So that’s one or two meetings a week for each class compared to the five we have now.
For the sake of academic integrity, exams would need to be monitored somehow. There are so many ways to cheat even when having a webcam on that having a testing center for exams with a proctor might make more sense. Teacher just sets a date and time and students check themselves into their local exam centers and take it.
Now realize I would have been much better off learning to build a log cabin rather than taking French language classes.
And I really haven’t ever needed my Algebra I & II and Geometry skills. Wish instead I had learned to repair a car.
Of course, some people will say I could have learned those skills on my own time. But life got in the way, and I didn’t. Would have been much better to have learned those things in my early teen years (and no, my parents didn’t have those skills to pass on to me).
Academic studies=Crackpot Marxist dog-twaddle.
What they really missed was the sense of personal responsibility.

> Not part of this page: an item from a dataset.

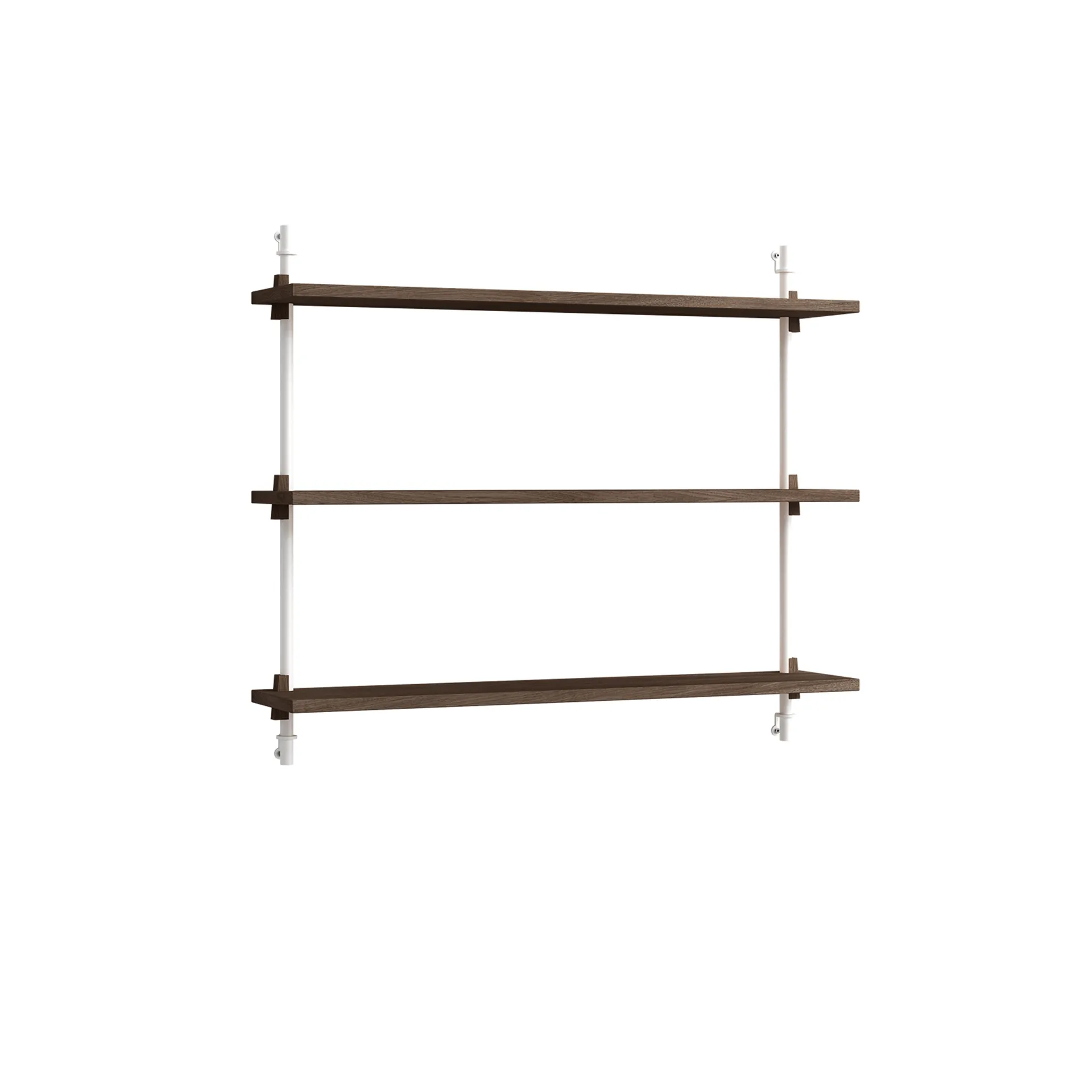 MOEBE Wall Shelving seinähylly Savustettu tammi-white, 92×65×17,5 cm, WS.65.1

Ultimately it’s the same problem as the teaching of life skills though. Parents and family used to both teach those things AND serve as role models to get off your ass and do something. These days it’s all outsourced to the public schools and entertainment and sports celebrities and the result is a bunch of unmotivated and ignorant fools.
I failed algebra in HS. My only F. A and some B all other classes.
No one ever asked me about my grades.
I took the full three year auto mechanics program.
This modern era stuff is a little beyond me but I can work on most of my vintage autos. An occasional YouTube refresher helps.
Then there’s the German way, which is to figure out by the time you’re 14 whether you’re going to be working with your mind, your craft skills, or your muscles, and spend your high school years preparing accordingly.
At least half the population does not need a high school education in order to survive in the modern world; they just need a trade that other people will pay up for. I had a man replace the water pump on my dishwasher today, and he is just as necessary to society as is my gen-ed college professor work; I respect his skill as much as he respects mine, even if he never solved a quadratic equation or wrote a paper summarizing three scholarly articles in APA 8.0.
Wood shop (10) Metal shop (11) and Electrical shop (12) were the most useful courses I took in high school. The girls had to take Home Economics for three years, some of them actually learned to cook.
All 3 required.
The shop in my high school has been turned into an SAT prep center.
I did OK on the SAT and the MCAT without prep, and I’ve been a doctor for 45 years.
The three shop classes are still very useful. Wish they had plumbing shop, too. My joints still leak, and those guys make more than I do.